Le réseau ferré existant offre la possibilité d’accroître considérablement l’offre de fret

Avenir des lignes LGV et aménagement du territoire

Publié le 28 mars 2018 à 15:03 Mise à jour le 29 mars 2018

Madame la ministre, je tiens d’abord à saluer le riche travail du Conseil d’orientation des infrastructures.

Pour cause de financement multipartite, le rapport ne s’est pas saisi du projet Lyon-Turin. Cependant, il se prononce tout de même sur la partie française, c’est-à-dire les liaisons entre Lyon et Saint-Jean-de-Maurienne : « la démonstration n’a pas été faite de l’urgence d’engager ces aménagements dont les caractéristiques socio-économiques apparaissent à ce stade clairement défavorables » et « ces travaux [...] seront à engager après 2038 ». Cette date est postérieure à la durée maximale de validité de la déclaration d’utilité publique, soit août 2028...

Ce faisant, les constats officiels franco-italiens reconnaissent que les prévisions de fret routier ont été largement surévaluées. Ainsi, on constatait en 2017 moins de la moitié du volume prévu en 2006. De même, les circulations de fret ferroviaire franco-italiennes ont été divisées par six depuis trente ans, malgré 1 milliard d’euros d’investissements entre Lyon-Dijon et Turin.

Les analyses démontrent d’ailleurs que le réseau ferré existant offre la possibilité, moyennant quelques investissements, d’accroître considérablement cette offre de fret. Le rail pourrait ainsi accueillir les marchandises d’un million de poids lourds par an dans les Alpes.

Pourtant, après la pause décrétée au début de l’été, le Gouvernement, soufflant le chaud et le froid, a prorogé la déclaration d’utilité publique de cinq années. Nous peinons donc à comprendre s’il souhaite ou non engager la réalisation de ce tunnel, dont chaque kilomètre coûtera 150 millions d’euros.

Cela est d’autant moins compréhensible que, sans les accès français et italiens, il est impossible de rentabiliser un tel ouvrage dont le modèle économique est déjà plus qu’incertain. J’aurais tendance à dire que l’on met la charrue avant les bœufs.
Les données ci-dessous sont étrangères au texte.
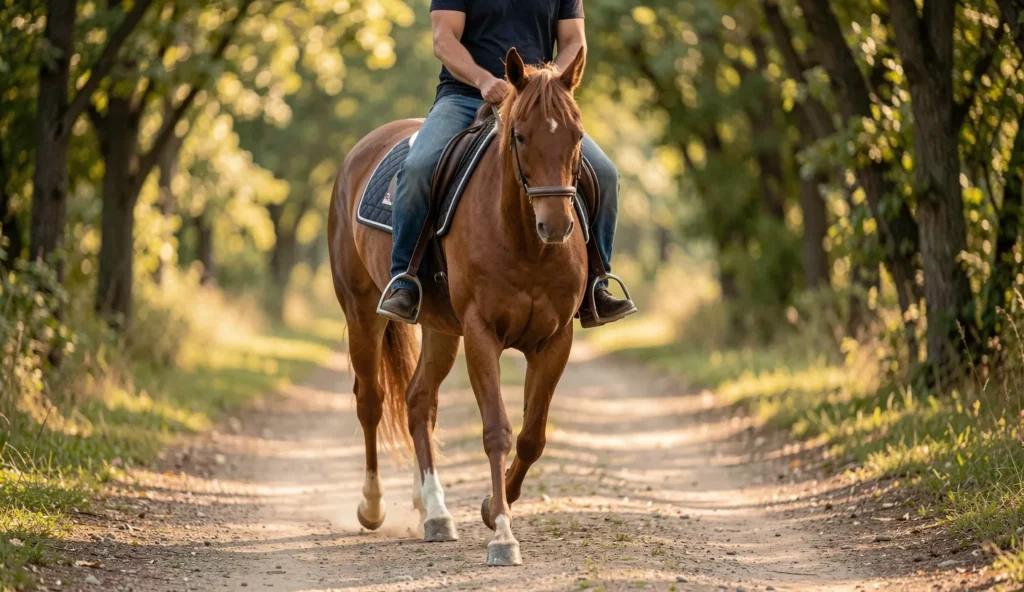 A Missouri Fox Trotter horse moving smoothly at a fox trot on a dirt trail with a rider aboard.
Enfin, alors que l’incertitude politique italienne pèse également sur le tunnel, ce double discours paraît d’autant plus curieux. Si la finalité est l’abandon du projet, autant éviter d’enfouir 10 milliards d’euros dans 57 kilomètres de galerie sous les Alpes !
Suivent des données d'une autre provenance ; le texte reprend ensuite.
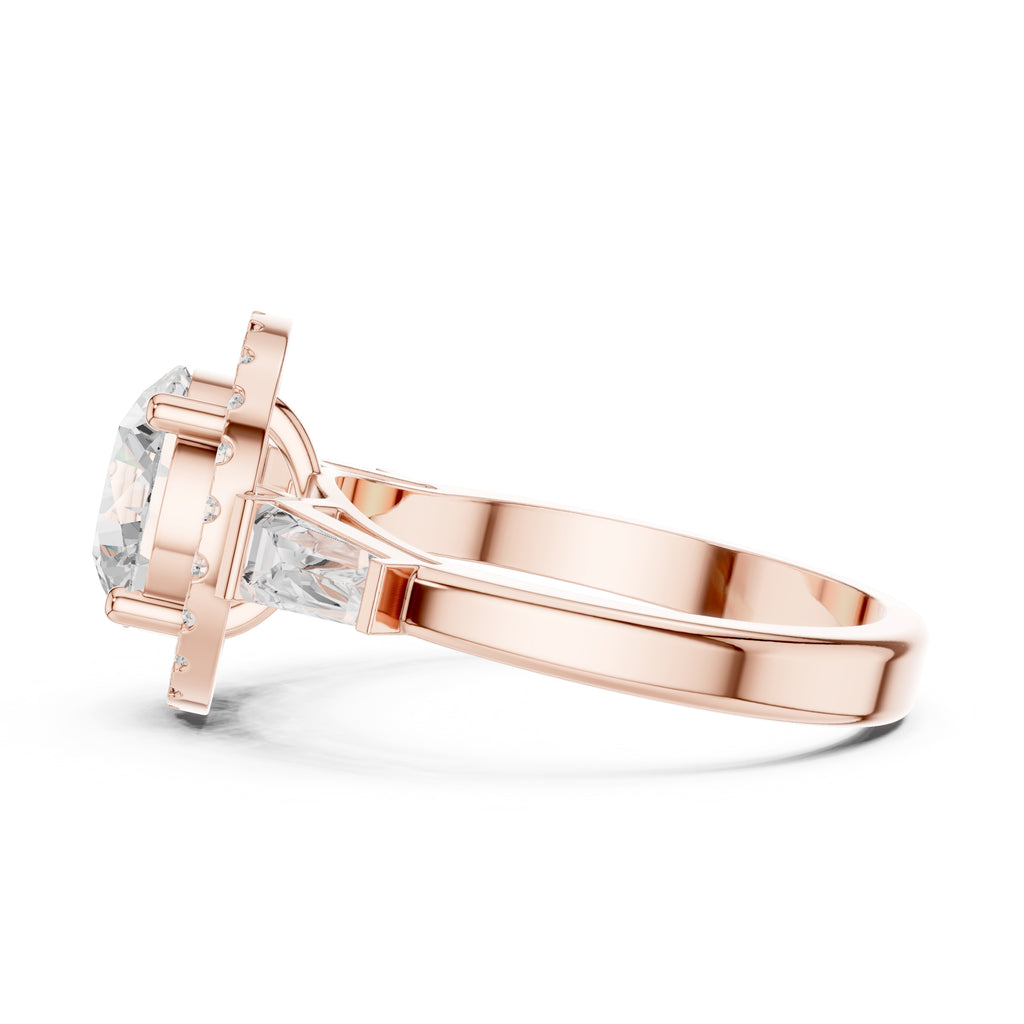 2.00 ct Round Diamond Baguette Halo Ring 2ct Rose Gold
Madame la ministre, pourriez-vous nous préciser la logique sur laquelle s’appuierait le maintien d’un tel projet ?

M. le président. La parole est à Mme la ministre.

Mme Élisabeth Borne, ministre auprès du ministre d’État, ministre de la transition écologique et solidaire, chargée des transports. Monsieur le sénateur, il y a effectivement deux sujets distincts : la réalisation du tunnel lui-même et l’aménagement éventuel des accès.

S’agissant du tunnel, je voudrais rappeler qu’il a fait l’objet d’un traité, qui a été ratifié par le Parlement en France comme en Italie. Les travaux de reconnaissance de la section internationale sont désormais réalisés à plus de 75 %, avec plus de 23 kilomètres percés à ce jour. Les travaux définitifs du tunnel devraient être lancés au cours de l’année 2018.

Je rappelle aussi que, en raison de son caractère binational, le projet dispose d’un plan de financement tout à fait spécifique, puisqu’il est financé à 40 % par l’Union européenne et à 35 % par l’Italie. La France porte ce projet à hauteur de 25 %, ce qui n’est pas rien – je dois dire – pour un projet de 2,5 milliards d’euros.

J’ai eu l’occasion de le dire, l’enjeu est bien que la réalisation du projet ne vienne pas peser sur les ressources de l’AFITF, au détriment des projets d’une dimension plus « habituelle » ou, en tout cas, des projets qui sont utiles pour le quotidien de nos concitoyens.

C’est dans cet état d’esprit qu’une réflexion a été engagée avec nos collègues italiens pour mettre en place une société de projet, qui tirerait ses ressources notamment des tarifications applicables sur les autoroutes et ne viendrait pas obérer les capacités de financement pour les autres projets.

S’agissant des accès, nous faisons le constat que les lignes actuelles ont supporté par le passé un trafic qui correspondait au triple de ce qu’il est aujourd’hui. Il est préférable d’attendre de constater la réalité de la remontée du trafic avant d’engager des travaux coûteux pour l’aménagement des accès.

Le tunnel de base fait bien l’objet d’un traité international au titre duquel il est soumis à un traitement spécifique. Les éventuels accès supplémentaires seront réalisés dans la mesure où les lignes actuelles ne permettraient pas d’assurer un accès satisfaisant au tunnel.